There are some other attributes of Rec A, which make its role in recombination understandable. These include the following : (i) ability to polymerize single strands; (ii) ability to incorporate duplex DNA into filaments, giving duplexes longer than the original duplex. In view of this, the reaction involving generation of heteroduplexes during recombination may involve following three steps : (i) a slow presynaptic phase, in which Rec A polymerizes on single stranded DNA; (ii) a fast pairing reaction between single stranded DNA and its complement in double stranded DNA, to produce heteroduplex DNA; (iii) a slow displacement of one strand from the duplex, to produce a long region of heteroduplex DNA. The initial region of heteroduplex DNA may not be found in a double helical form (plectonemic),
but the two strands may be associated side by side (paranemic joint).
This paranemic joint is unstable and further progress in recombination events requires its conversion to double helical form.
When the reacting DNA molecules are circular, the product of Rec A sponsored reaction is a chi (χ) structure. Although action of Rec A is independent of DNA sequence, certain hot spots stimulate the Rec A recombination system. These hot spots were discovered in lambda phage chi
mutants and share common non-symmetrical sequence of 8 bp (5'GCT GG TGG3'). This sequence is called chi sequence
and is not necessary for recombination. However, it stimulates recombination in its vicinity and identifies targets for the enzyme exonuclease V synthesized under the control of Rec BCD
genes. This enzyme has following roles : (i) it degrades DNA; (ii) it can unwind duplex DNA
in the presence of SSB; (iii) it has an ATPase activity. Thus it provides a single stranded region with a free end. These free ends are then seized by Rec A protein, which requires free termini to start the strand assimilation reaction.

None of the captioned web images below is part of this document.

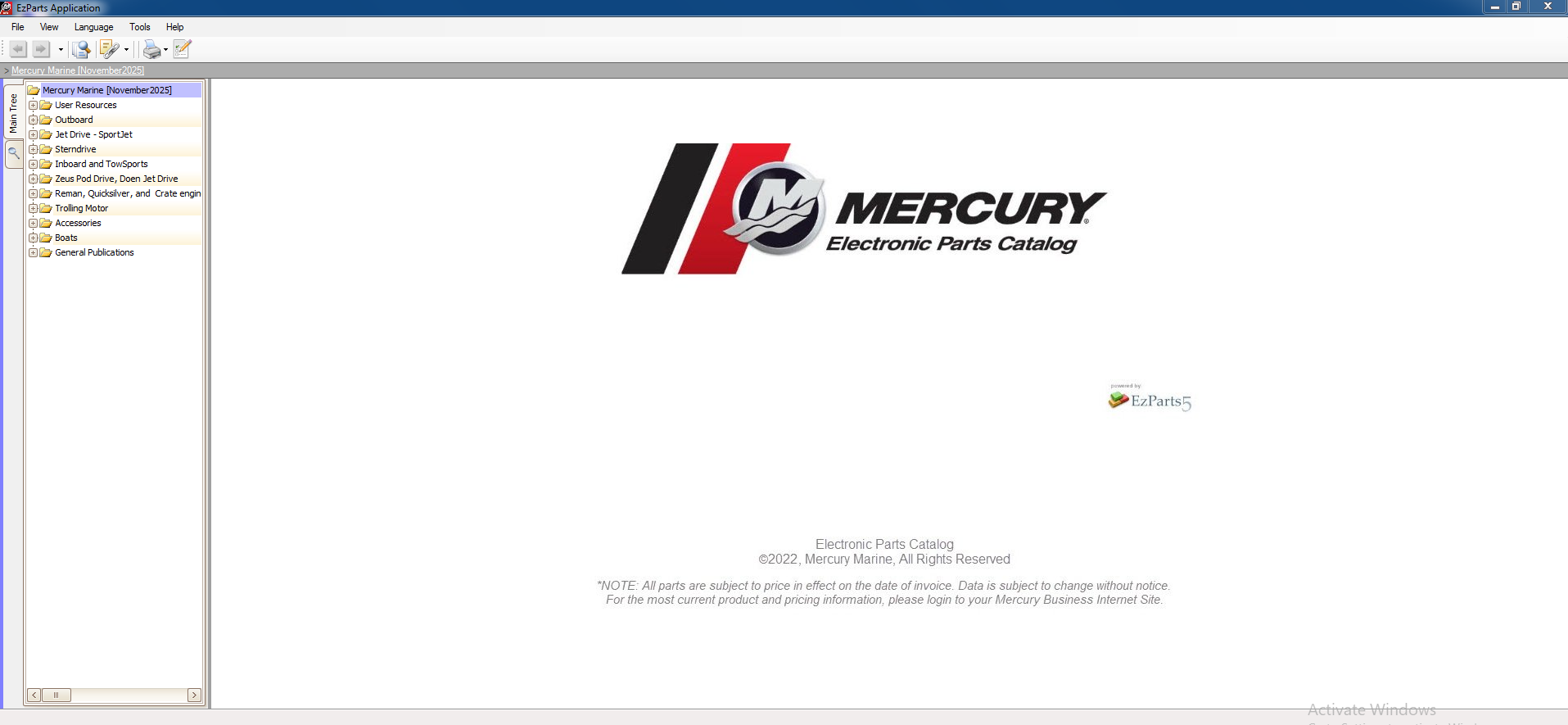 Mercury Marine EU 11.2025 NA 11.2022 Electronic Parts Catalog VMware 1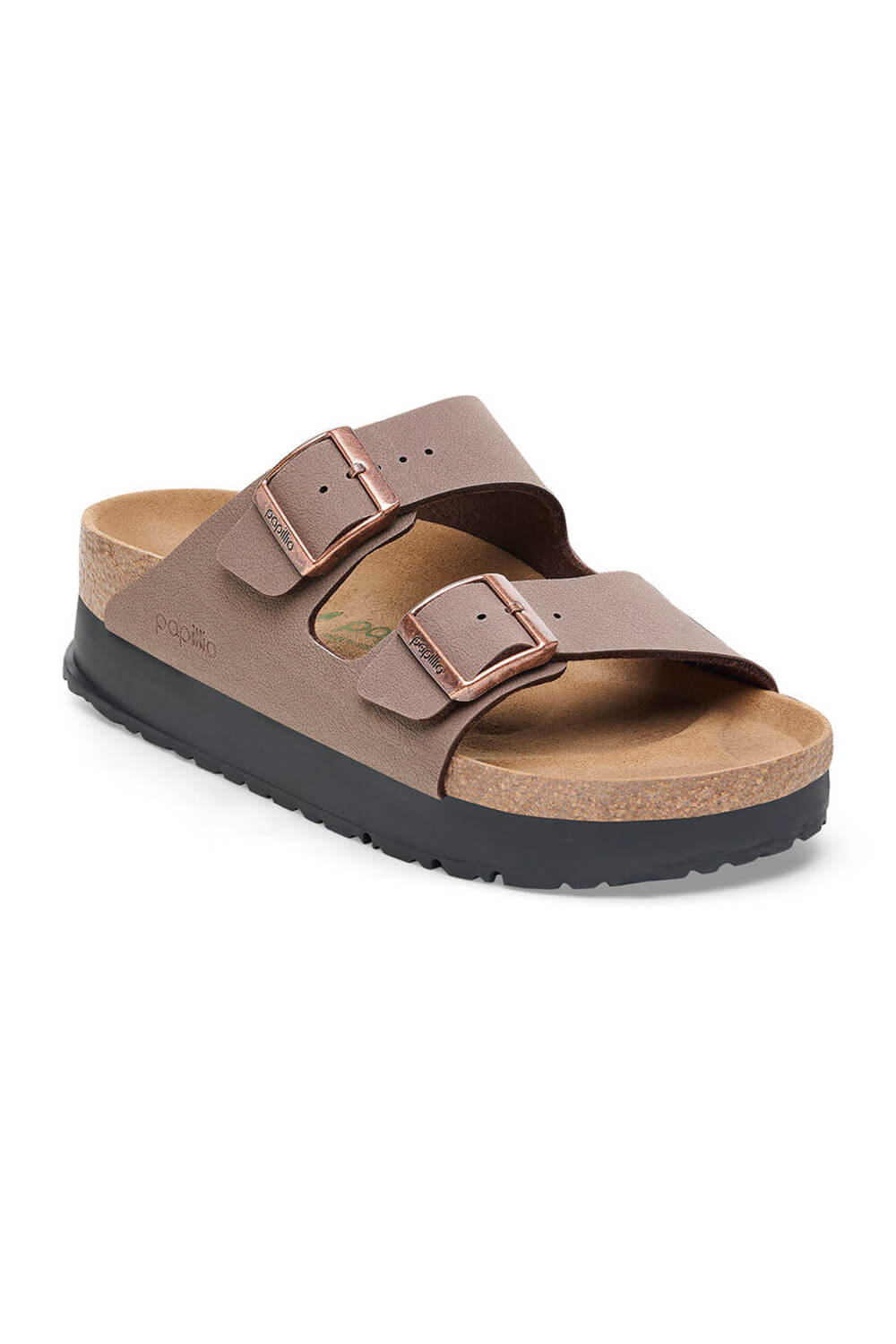 Papillio by Birkenstock Arizona Platform Vegan Birko-Flor Sandals for Women in Mocha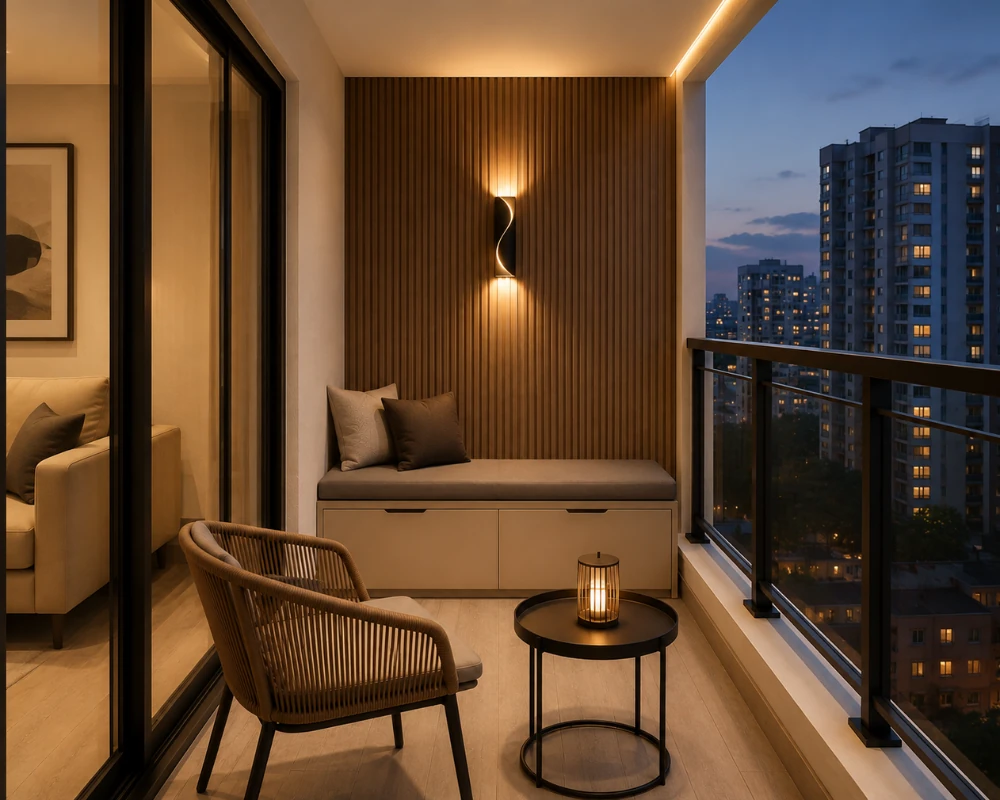 Small-apartment-balcony-design-with-elegant-bench-seating-and-city-skyline-view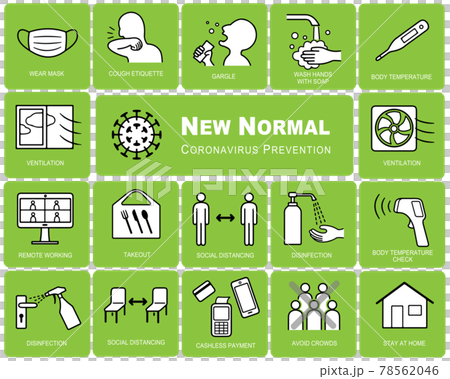 英語版　新型コロナウイルス感染症対策ポスター　アイコン セット 78562046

Recombination, like replication, also requires topological manipulation of DNA, which is facilitated by topoisomerases. These enzymes may relax or introduce supercoils in DNA and are required to disentangle DNA molecules that have become catenated by recombination or replication. Topoisomerases can be of Type I
(making transient break in one strand) or Type II
(making transient double strand breaks). Type I topoisomerases (e.g. product of top A
gene of E. coli
)relax negatively supercoiled DNA, while Type II topoisomerases (e.g. gyrase)
relax both negative and positive supercoils, (for supercoiling consult Chemistry of the Gene 1. Nucleic Acids and Their Structure
). The removal of supercoils from the crossing segments is required during the recombination process.